### Exercise brief
Pictures excluded, copy word for word the lines from the one holding "A4 Scrapbook, Black, 80" through the last line below.

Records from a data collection
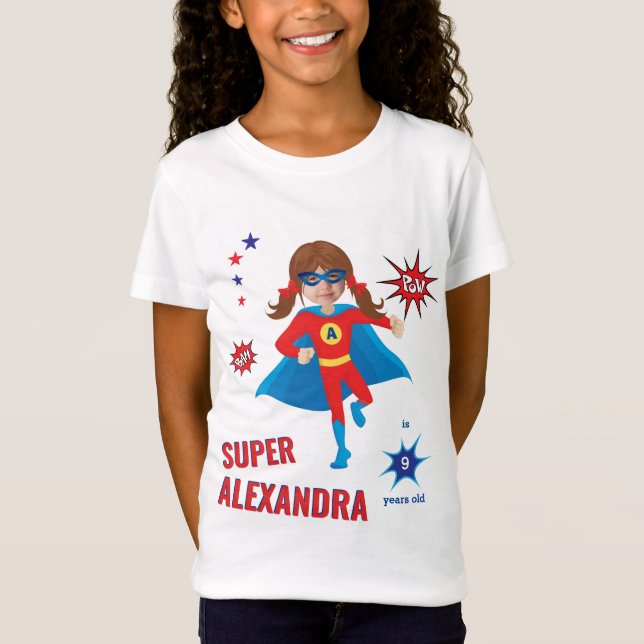 Girl Superhero 💥 Birthday Photo Colourful T-Shirt (Front)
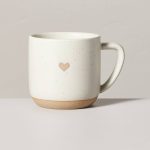 12oz Stoneware Heart Mug Cream/Clay - Hearth & Hand with Magnolia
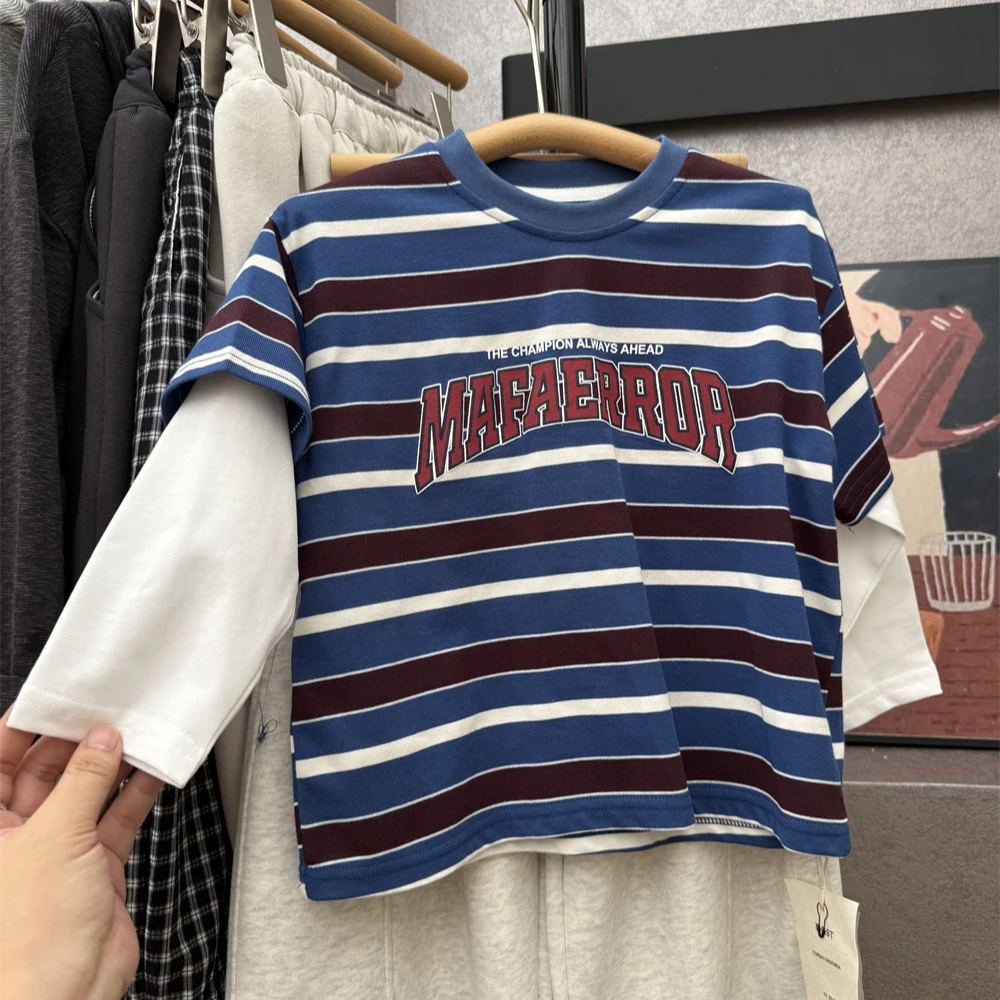 Boys T-shirt 2026 Spring and Autumn New Childrens Clothing Korean Boys and Girls Striped Fake Two Letters Long Sleeve T-shirt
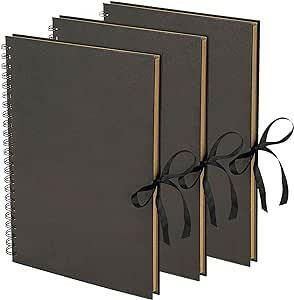 A4 Scrapbook, Black, 80 Pages, 3 Pack, Scrapbook Photo Album & Sketchbook - Daily Buy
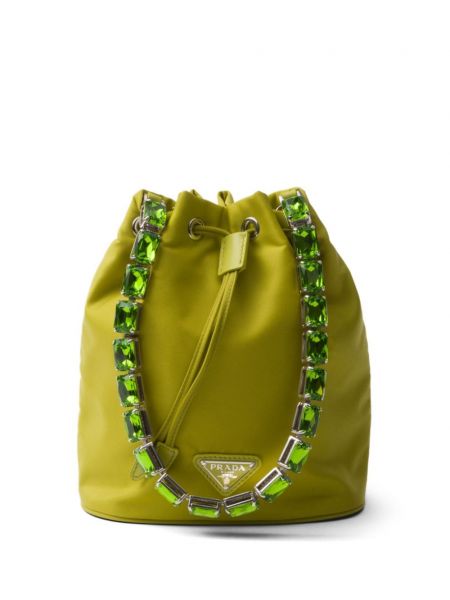 Najlonska torbica Prada zelena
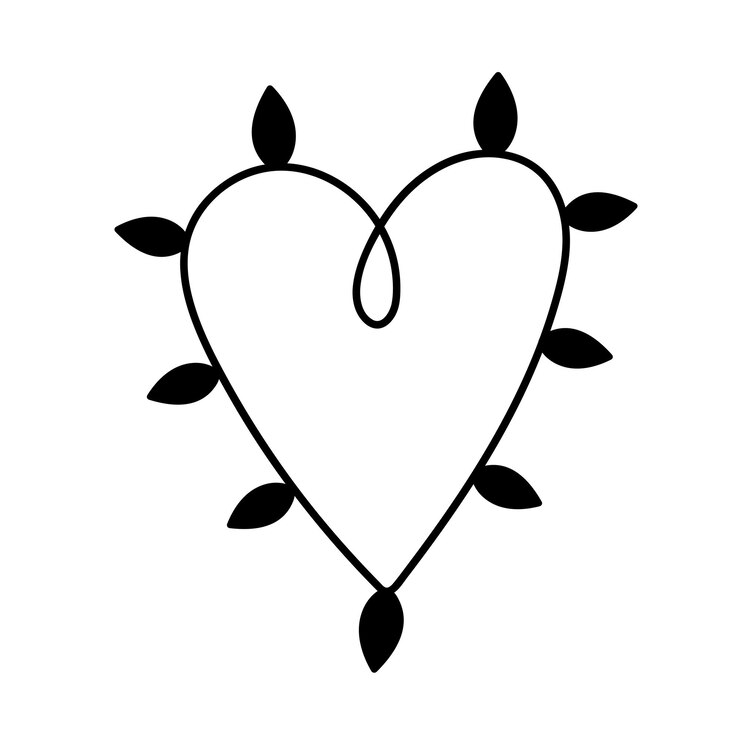 Vetor doodle coração bonito. coração de guirlanda desenhada de mão. elemento vetorial para decoração do dia dos namorados, natal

### Exercise solution
 A4 Scrapbook, Black, 80 Pages, 3 Pack, Scrapbook Photo Album & Sketchbook - Daily Buy
 Najlonska torbica Prada zelena
 Vetor doodle coração bonito. coração de guirlanda desenhada de mão. elemento vetorial para decoração do dia dos namorados, natal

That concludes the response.